Thanks to hubby emptying out his Sirius studio and firing
nonessential useless staffers, Beth can afford to parade 
around NY appearing on all the morning TV shows spouting nonsense
about her purpose in life. Hey honey, nobody cares, you are a talentless
dolt hired by Stern to make both of you famous when all you do is
kiss the asses of industry producers as you cry and cry over the
phone until they give you some shitty TV job.




Beth has been proving for the last 25 years that Howard can make no one famous, I mean, he has been a morning zoo radio DJ forever, without going to that corporate cloud at Sirius satellite, he would be a little zero with his stale morning show on a free radio station for a few hours every morning and that would be it. No "America's Got Talent" without his corporation getting him work on TV with all the cross promotion with NBC and the SNL crowd plugging their projects. Yes, Howard still has his standard morning zoo radio show yet with a corporate cushy job where he could hammer away and harass everyone until they finally gave him a little TV show that was already an established summer filler show so hopefully Stern could do no real damage.

Beth will also repeat her mantra like a psychotic beast that grabbing kittens for photo shoots is her PURPOSE and then dumping them onto foster homes in New Jersey. Yes, her purpose is being photographed with kittens, then marketing her shitty calendars and books to a phantom fan base where all proceeds go to her personal fund, called Bianca's Furry Friends. Miss Purpose is getting away with this because the entire world is avoiding the Beth & Howard vortex of bragging, spinning, and phony press items that they pay for, and don't want to draw attention to this couple of losers needing homeless animals for publicity.
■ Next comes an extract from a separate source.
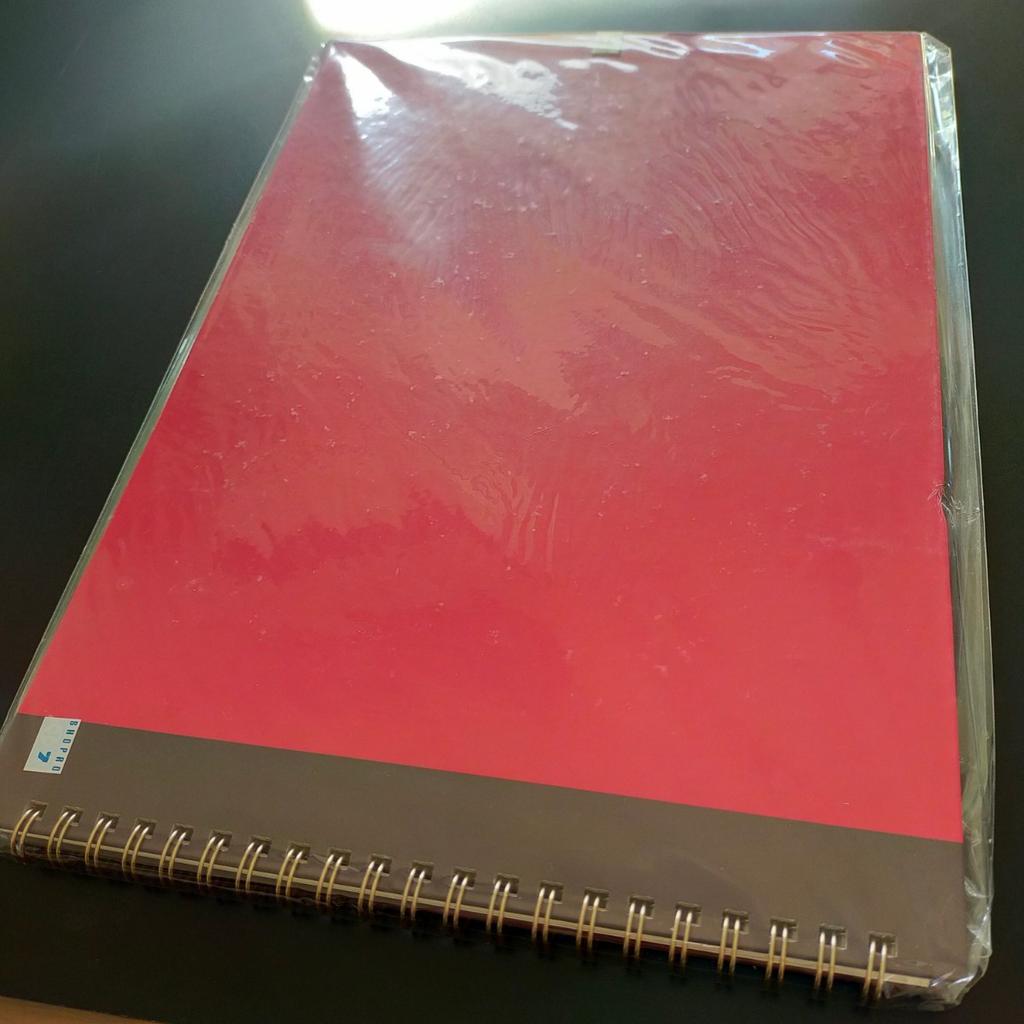 Unopened Sketchbook Guardians of the Water featuring and Latios Pokémon Kanon's (Movie Capital) Ash, Pikachu, Latias, (Advanced Generation)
Howard is hiding his new nose job in this photo since this blogger 
said the photo he posted last week where he was delivering kittens
was a fake, since his profile has changed and doesn't look like
it is him. So in this photo, his facelift tape fell. Is this really Howard
or some dummy hired by Beth's openly gay duo management team of doom, 
who have done nothing but think up stupid fake stories for Howard to spout on his radio show. 


Obviously, Howard is obsessed with Bruno the movie star and tries to copy his superstar model poses and Beth looks like his brother:






The photo below shows a faction of the alien army of dubious gender orientation that love Beth. I don't know what airbrushing machine they used on this photo but they all look like rubber demonic Mattel dolls and Beth couldn't fit her falsies into that tight little jacket so she ditched the breasts this time.


Who knew Beth was filming the Kitten Bowl at a real TV studio; it looked like her apartment with a false backdrop and Howard has all his photoshopping equipment in the city ready to go to help out with the green screen team and plugging a bunch of kittens into the final print.



BRUNO OR BETH? Don't know:







Yes, some people need a hobby to past the time or in Stern's case to fill it. Is stuffing birds Howard's next hobby? Or is he just going to keep stuffing Beth down our throats every week on his stale satellite radio show that should be stuffed into a closet with everything else in Howard's life.